Balmorhea Independent School District is a public school district based in Balmorhea, Texas (USA). The district operates one high school, Balmorhea High School.

Finances
As of the 2010–2011 school year, the appraised valuation of property in the district was $29,078,000. The maintenance tax rate was $0.117 and the bond tax rate was $0.001 per $100 of appraised valuation.

Academic achievement
In 2011, the school district was rated "recognized" by the Texas Education Agency.  thirty-five percent of districts in Texas in 2011 received the same rating. No state accountability ratings will be given to districts in 2012. A school district in Texas can receive one of four possible rankings from the Texas Education Agency: Exemplary (the highest possible ranking), Recognized, Academically Acceptable, and Academically Unacceptable (the lowest possible ranking).

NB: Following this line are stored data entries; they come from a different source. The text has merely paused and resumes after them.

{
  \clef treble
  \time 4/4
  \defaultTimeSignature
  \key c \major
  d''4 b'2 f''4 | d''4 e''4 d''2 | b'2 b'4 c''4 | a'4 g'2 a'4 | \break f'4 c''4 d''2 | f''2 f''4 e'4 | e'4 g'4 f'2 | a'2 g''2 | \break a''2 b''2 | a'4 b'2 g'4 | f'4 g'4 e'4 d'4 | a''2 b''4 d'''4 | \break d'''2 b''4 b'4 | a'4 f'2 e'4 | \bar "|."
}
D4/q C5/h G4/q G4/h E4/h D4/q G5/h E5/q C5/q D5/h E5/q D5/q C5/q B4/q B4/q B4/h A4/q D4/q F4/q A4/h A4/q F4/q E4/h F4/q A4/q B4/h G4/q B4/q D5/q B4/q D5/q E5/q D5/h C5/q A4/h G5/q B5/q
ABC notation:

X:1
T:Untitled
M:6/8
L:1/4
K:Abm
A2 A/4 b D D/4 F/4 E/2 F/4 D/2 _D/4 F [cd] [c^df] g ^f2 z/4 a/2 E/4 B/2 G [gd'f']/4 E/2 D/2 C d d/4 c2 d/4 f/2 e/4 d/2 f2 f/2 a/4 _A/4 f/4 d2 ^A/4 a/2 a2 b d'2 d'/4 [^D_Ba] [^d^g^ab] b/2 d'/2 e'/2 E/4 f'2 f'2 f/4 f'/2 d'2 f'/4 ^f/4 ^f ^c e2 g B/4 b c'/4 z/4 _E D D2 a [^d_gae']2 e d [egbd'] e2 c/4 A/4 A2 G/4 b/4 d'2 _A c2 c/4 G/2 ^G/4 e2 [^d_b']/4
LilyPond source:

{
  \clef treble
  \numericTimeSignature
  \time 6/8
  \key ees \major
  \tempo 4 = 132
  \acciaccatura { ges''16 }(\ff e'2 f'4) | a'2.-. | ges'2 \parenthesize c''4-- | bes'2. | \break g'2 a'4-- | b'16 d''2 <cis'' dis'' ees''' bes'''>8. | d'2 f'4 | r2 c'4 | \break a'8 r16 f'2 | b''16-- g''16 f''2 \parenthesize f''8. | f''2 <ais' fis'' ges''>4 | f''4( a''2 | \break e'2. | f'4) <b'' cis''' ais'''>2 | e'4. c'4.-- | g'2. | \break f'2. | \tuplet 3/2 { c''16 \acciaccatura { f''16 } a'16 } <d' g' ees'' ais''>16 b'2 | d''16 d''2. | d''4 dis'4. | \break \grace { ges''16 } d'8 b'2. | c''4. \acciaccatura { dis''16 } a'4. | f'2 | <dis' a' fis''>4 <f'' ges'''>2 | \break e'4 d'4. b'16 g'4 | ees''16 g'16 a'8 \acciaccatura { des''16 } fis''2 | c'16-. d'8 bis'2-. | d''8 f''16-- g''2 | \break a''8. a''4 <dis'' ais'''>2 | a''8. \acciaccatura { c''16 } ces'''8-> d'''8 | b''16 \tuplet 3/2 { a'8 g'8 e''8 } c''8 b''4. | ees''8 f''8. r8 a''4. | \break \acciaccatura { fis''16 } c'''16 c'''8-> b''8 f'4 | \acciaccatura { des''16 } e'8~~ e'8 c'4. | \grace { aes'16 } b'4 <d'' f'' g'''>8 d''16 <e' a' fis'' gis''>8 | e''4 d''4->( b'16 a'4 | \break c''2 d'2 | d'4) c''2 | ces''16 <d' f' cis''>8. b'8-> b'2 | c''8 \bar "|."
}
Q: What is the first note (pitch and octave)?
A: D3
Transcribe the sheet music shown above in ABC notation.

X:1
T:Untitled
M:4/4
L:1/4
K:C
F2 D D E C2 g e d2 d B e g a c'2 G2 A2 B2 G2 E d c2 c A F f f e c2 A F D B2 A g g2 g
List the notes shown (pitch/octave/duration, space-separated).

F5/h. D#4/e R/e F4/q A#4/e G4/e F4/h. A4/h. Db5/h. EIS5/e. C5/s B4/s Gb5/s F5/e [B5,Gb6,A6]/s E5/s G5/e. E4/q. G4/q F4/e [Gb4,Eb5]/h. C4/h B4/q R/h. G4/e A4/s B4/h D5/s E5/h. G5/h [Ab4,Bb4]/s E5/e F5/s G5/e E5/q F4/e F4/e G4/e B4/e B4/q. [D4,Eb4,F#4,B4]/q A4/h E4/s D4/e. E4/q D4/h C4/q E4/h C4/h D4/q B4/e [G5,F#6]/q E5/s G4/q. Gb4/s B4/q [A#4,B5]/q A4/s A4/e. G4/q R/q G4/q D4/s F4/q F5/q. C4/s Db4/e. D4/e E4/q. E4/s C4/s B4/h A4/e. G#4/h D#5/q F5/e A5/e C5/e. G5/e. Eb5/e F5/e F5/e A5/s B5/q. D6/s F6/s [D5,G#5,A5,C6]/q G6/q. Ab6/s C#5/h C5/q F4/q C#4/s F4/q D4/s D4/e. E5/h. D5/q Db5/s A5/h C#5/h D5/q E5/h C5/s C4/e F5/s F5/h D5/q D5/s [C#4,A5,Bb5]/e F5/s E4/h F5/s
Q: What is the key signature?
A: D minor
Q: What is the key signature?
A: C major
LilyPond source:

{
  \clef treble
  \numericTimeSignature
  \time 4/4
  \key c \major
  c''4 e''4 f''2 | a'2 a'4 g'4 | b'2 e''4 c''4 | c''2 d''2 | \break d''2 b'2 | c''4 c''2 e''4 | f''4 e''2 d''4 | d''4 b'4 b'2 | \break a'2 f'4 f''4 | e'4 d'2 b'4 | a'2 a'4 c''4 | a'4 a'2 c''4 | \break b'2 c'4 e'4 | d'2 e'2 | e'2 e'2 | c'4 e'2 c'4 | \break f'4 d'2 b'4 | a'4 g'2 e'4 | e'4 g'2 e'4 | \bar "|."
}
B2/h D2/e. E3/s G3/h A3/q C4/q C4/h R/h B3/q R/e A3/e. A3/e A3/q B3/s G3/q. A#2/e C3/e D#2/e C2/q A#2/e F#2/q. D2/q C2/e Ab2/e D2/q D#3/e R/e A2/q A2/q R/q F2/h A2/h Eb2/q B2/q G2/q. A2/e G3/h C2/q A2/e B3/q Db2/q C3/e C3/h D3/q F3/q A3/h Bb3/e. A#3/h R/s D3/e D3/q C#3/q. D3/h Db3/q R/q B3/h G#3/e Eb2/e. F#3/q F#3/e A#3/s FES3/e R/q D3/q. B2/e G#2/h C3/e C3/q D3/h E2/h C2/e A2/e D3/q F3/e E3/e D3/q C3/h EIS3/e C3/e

Historical district TEA accountability ratings
2011: Recognized
2010: Exemplary
2009: Exemplary
2008: Recognized
2007: Recognized
2006: Recognized
2005: Academically Acceptable
2004: Recognized

Schools
During the 2011–2012 school year, the district had one school that served students in grades pre-kindergarten through twelve. The school was a 2004 National Blue Ribbon School.

Special programs

Athletics
Balmorhea High School participates in the boys sports of basketball, 6-man football, tennis and track. The school participates in the girls sports of basketball and volleyball.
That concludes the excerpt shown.